There are set actor locations and transforms. But then there are add actor world offsets. In this case, the fast fire from your timeline could drive an add actor rotation. But I think the problem you will run into with this is the PIVOT POINT for the rack. I have done that before but I forget. There are tutorials out there for pivot point editing.

Then you will need a way to trigger it. Box collision overlaps? Proximity?

You are right about setting the values first, the coat rack is now falling in the right time and also on using lerp rotate. This is what I have.
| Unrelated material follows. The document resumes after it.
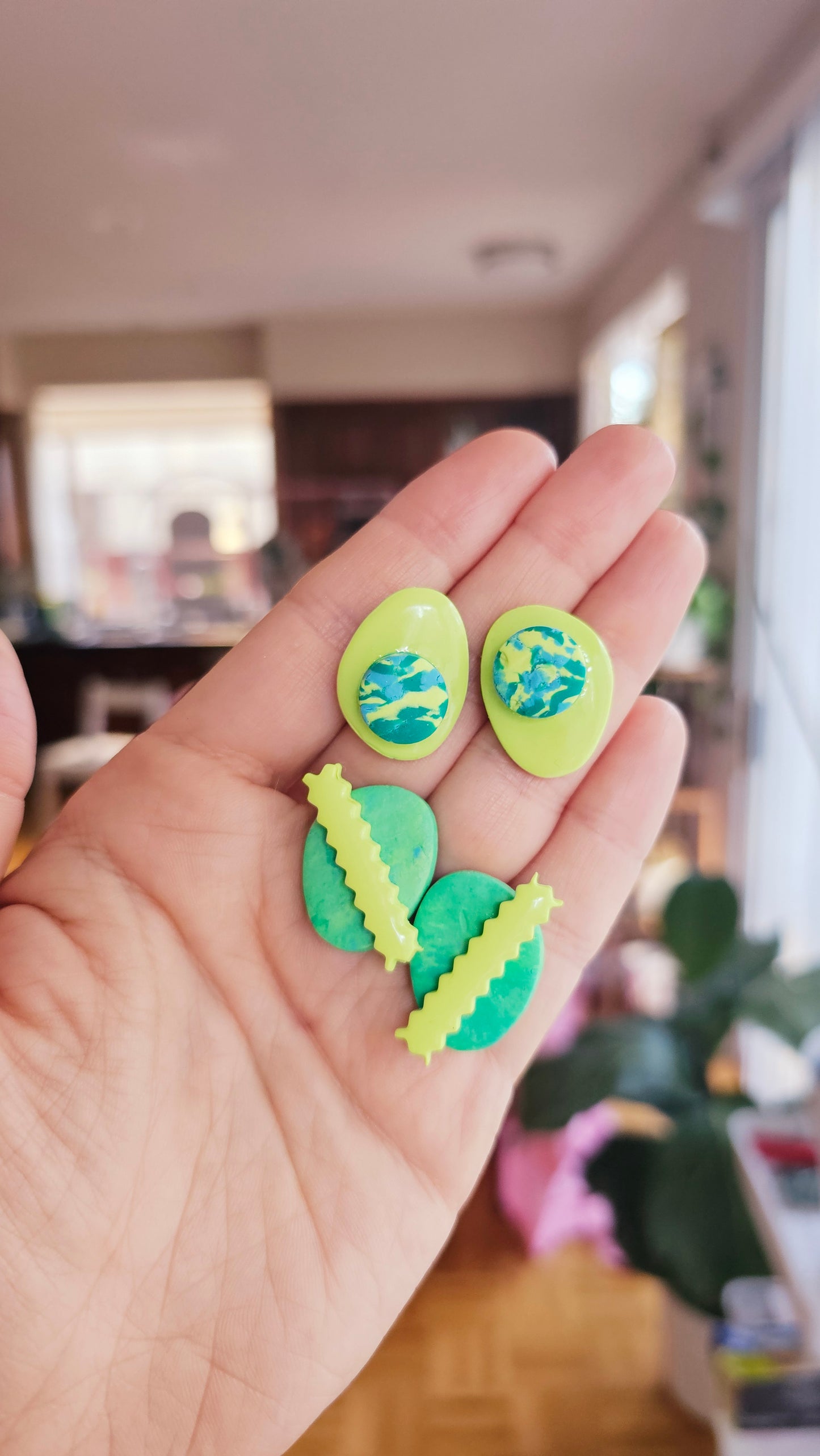 Lime Splash Stud Duo – Mixed Clay Stud Set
But in slowing down a new problem showed up. The coat rack circles down, or goes back a little then falls.

I messed around a little with it and discovered that when I walk out of the box collision in a direction and remove the X axis from coatrack relative rotation (point A). It falls perfectly. I don’t know why and how to do it for all direction. Just the front and back of the coatrack. Remove X axis for front, Z axis for back for perfect fall.

Yep! That’s how it’s supposed to work!

Only change the values of the fall that you want. Use the original values from the coat rack’s rotation (you can break the rot value into x,y, and z by right clicking and choosing “Break”) to keep the old rotation for specific parts of the rotation, location… anything you need! You could even add or subtract to the original value before setting it.

Hope that helps you get it figured out!